I would recommend the 2011 Capita Black Snowboard of Death, a great charging board that is not only limited to bombing, would be good off jumps and in the pipe. It won't be the overall fastest board or the stiffest but you need a bit of versatility, it's also a little bit pricey.


----------



## TLN (Sep 7, 2010)

w0318 said:


> hi there, i have a buddy who is toying with the idea to change his board. he is looking for the *lightest stiffest, and fastest* board so he can bomb his runs even faster.
> 
> He has research thoroughly but I am just see if you guys have some first hand experience.
> 
> ...


may be kessler board with catek fr2? or even with td2 and 4x4 plates?

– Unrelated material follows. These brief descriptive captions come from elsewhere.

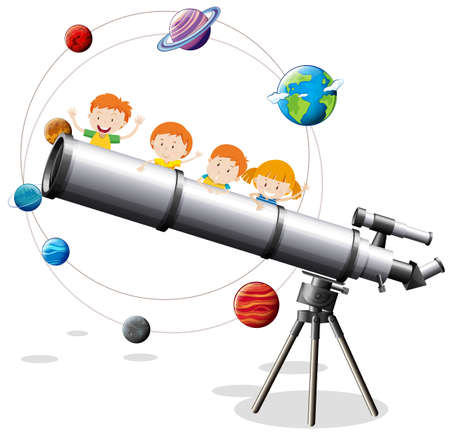 Childrean and giant telescope illustrationのイラスト素材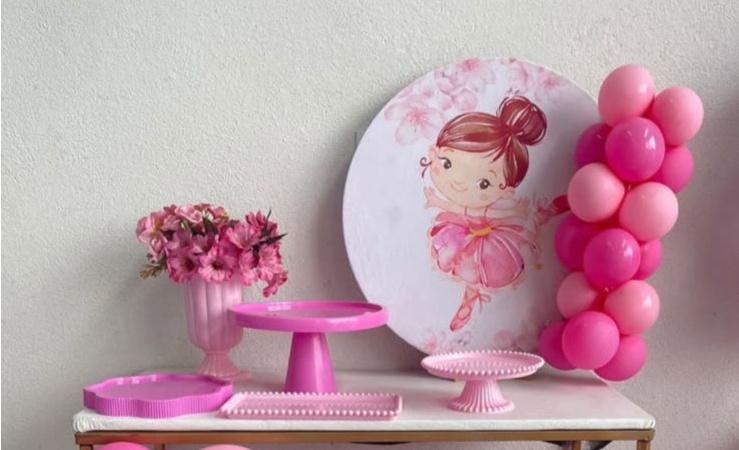 Kit Mesa Mesa Bailarina Com Balão - labeladecor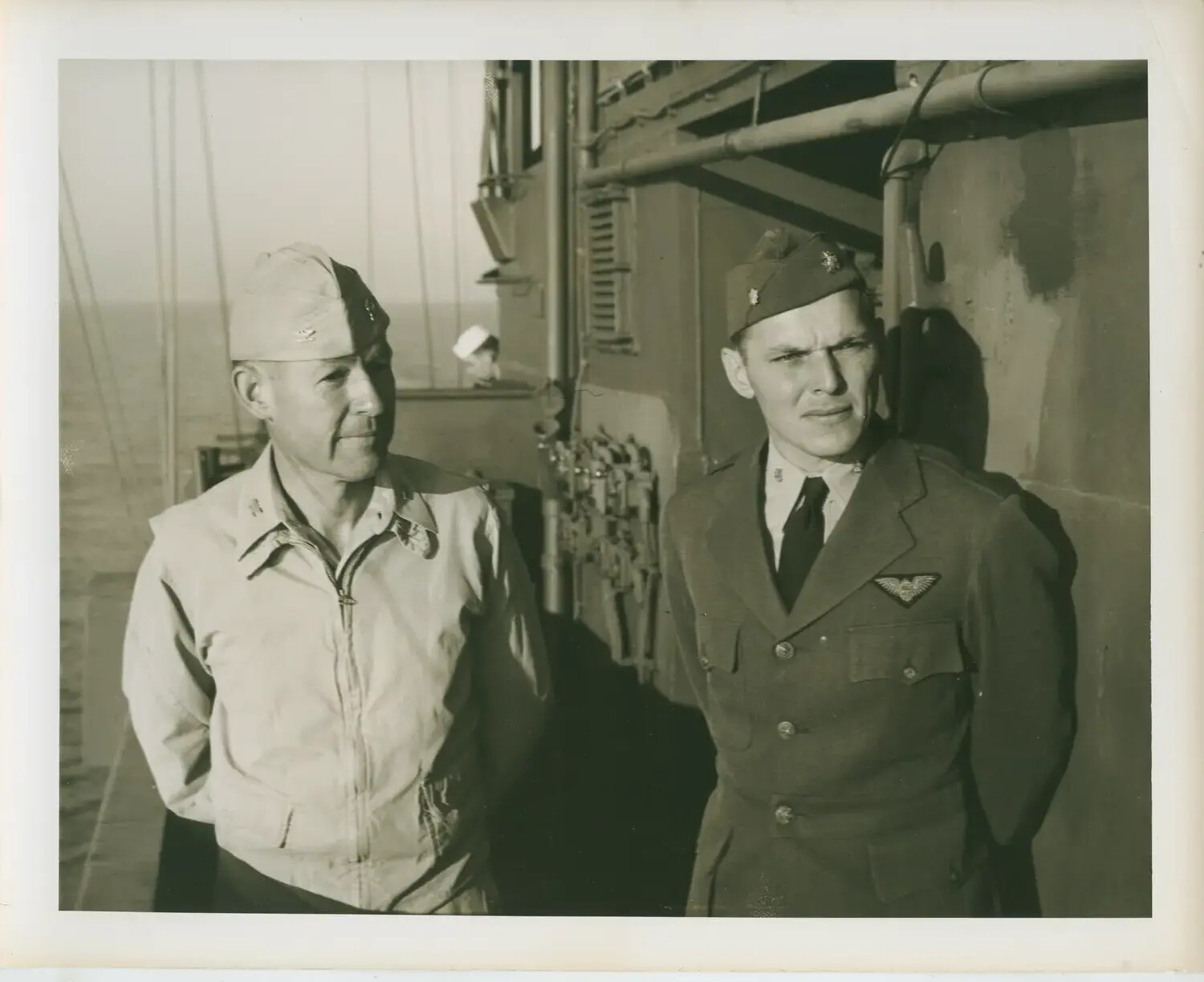 Two U.S. Navy Officers on Deck, USS Petrof Bay (CVE-80), WWII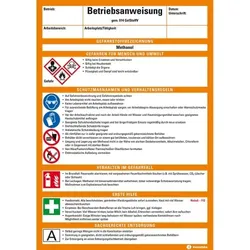 Betriebsanweisung Methanol, CLP/GHS, Kunststoff, 210x297mm, ASR A1.3, DIN EN ISO 7010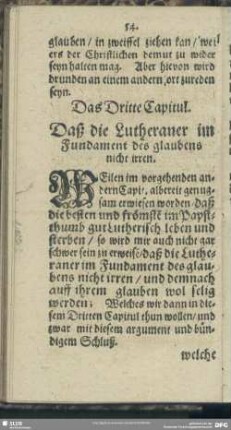 Das Dritte Capitul. Daß die Lutheraner im Fundament des glaubens nicht irren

That'd be ultimate setup. 

If choose from what you listed, i'd go with Raptor (X for me). 
BTW. Look at Elan Vertigo. It got 1 titanal layer,(kessler BX board got two) and it it's stiff and light. and it feel very very solid. I gonna get this one, if local shop bring it here for a reasonable price.


----------



## w0318 (Jan 21, 2010)

thanks guys, i realized it was in the wrong section but i reported myself to get it moved.

Hopefully the mods will move it in the right section.

yes my buddy has Caitek bindings currently. will check out the suggestions. 
those bordercross boards are serious stuff and not as versatile.


----------



## TLN (Sep 7, 2010)

w0318 said:


> thanks guys, i realized it was in the wrong section but i reported myself to get it moved.
> 
> Hopefully the mods will move it in the right section.
> 
> ...


well, if he got catek, i think he knows better what to get =) 
i'd stay on pure BX board. of freeride model from kessler. (or oxess)
imho: raptor X < vertigo < kessler


----------



## w0318 (Jan 21, 2010)

thanks TLN. naturally the BX board is the best fit but i guess hes curious if freeride boards offer similiar performance.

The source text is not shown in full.